I think her face says...I might look bad but you should see the other guy!
Have a wonderful day!
*^_^
(=':'=) hugs
(")_ (")Š from
the Cool Raggedy one

Bob-kat said...

It is amazing how images can evoke certain memories.

Thanks for the kind commnet on my blog. I know that you really do *know* what I am describing as you have been through your own set of trials recently. I sincerely hope that your road is becoming less bumpy too.

OldOldLady Of The Hills said...

The details in all of Rockweells paintings are what make them the great illustraitions they are---I Love the Band-Aid, too....I never even felt like fighting as a kid....I mean physically fighting...
What I love about this illustration too is, as you pointed out, how happy with herself the little girl is...Right there says so very much about who this little firl is....WOINDERFUL WONDERFUL, Judy. I am enjoying these Rockwell posts enormously...It is such a grand reminder of the special talent that he was....!

Kristi said...

I could have posed for this two (no black eye for me, though, as I was never in a physical fight, unless you count ones with my sister!). I had long brown hair that my mom braided in two braids until I was 10 or so. And I went to a Catholic school where the uniform looked just like the little girl's skirt!

Betty said...

I had one fight when I was little. I lost.

PureLight said...

Me too with the braids, the skirt (my grandma sewed for me), the shoes and saggy socks, and most especially the band-aid on the knee. Every childhood picture of me has one of those. However, I was always the peace negotiator, not the warrior.
Thanks for taking me back.

raehan said...

I was always defending people and getting into fights and ending up in trouble, not by my parents but by neighbor parents. I never felt triumphant, but always misunderstood.

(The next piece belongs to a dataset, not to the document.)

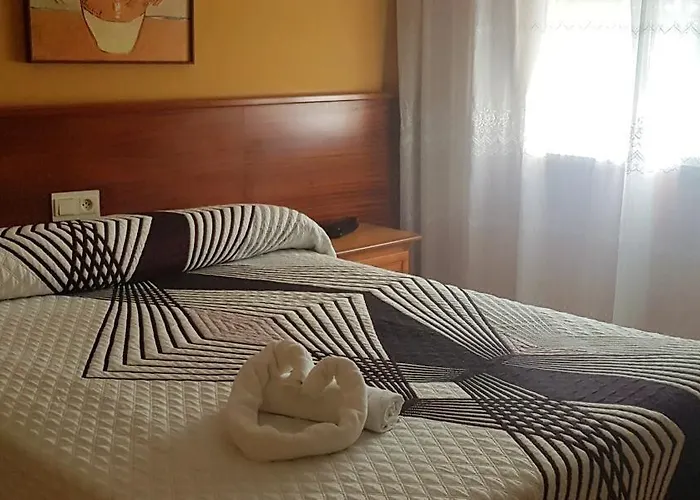 Os Pazos Familiar Otel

Scrappy? Yes, I was. I also loved being a girl.

brendalove@gmail.com said...

I instantly thought of the one time my fist ever connected with a loud mouth girl's face....pure satisfaction. Even today.

Jamie Dawn said...

I relate to the girl in the Rockwell picture. I didn't get into fights, but I was a tomboy. I was rough and tumble up until about tenth grade.
I LOVE the expression on that girl's face!!!

Marty said...

I was a total chicken. I was scared of boys with snowballs, big kids on the playground, getting in trouble...My daughter came home from 4th grade after beating up some girl who called another girl "a fat kid." I was so impressed! I still am.

ET said...

I wince when I see it. I am the unseen boy who got beat up pretty good for aggravating her.

Shephard said...

Yes, very funny expression... she looks a bit as if she may have taken one to the head too. lol

I never got in fights, nor had to avoid them. I consider this the luck of the draw though.

~S

tiff said...

My Mom has this print hanging in her house - she could have been this little girl, or so she says. I spent some time looking at it this weekend while I was visiting, and marvelling at Rockwell's skills.

Yuliya said...

Norman Rockwell must have known my sister when she was little. Except for the braids, that's my older sister's portrait.

She was in a class with 40 students - 20 girls, and 20 boys. She fought with every single girl, and 19 boys from her class. The only reason why she didn't fight with the 20th boy, was that he went to the same church as we did.

She used to come and ask me if any of my classmates were bothering me, and then she'd thump them for being mean to me. I loved that!

The only time that I got into a fight, I was 5, the other girl was 6 and much, much bigger than I.... I still have the scars on my face from the her nails... thankfully, they are not too noticeable....

Jennifer said...

I went to a class on Norman Rockwell and his art; it was fascinating. He's a big believer in triangles. Look for them...they show themselves everywhere in his prints.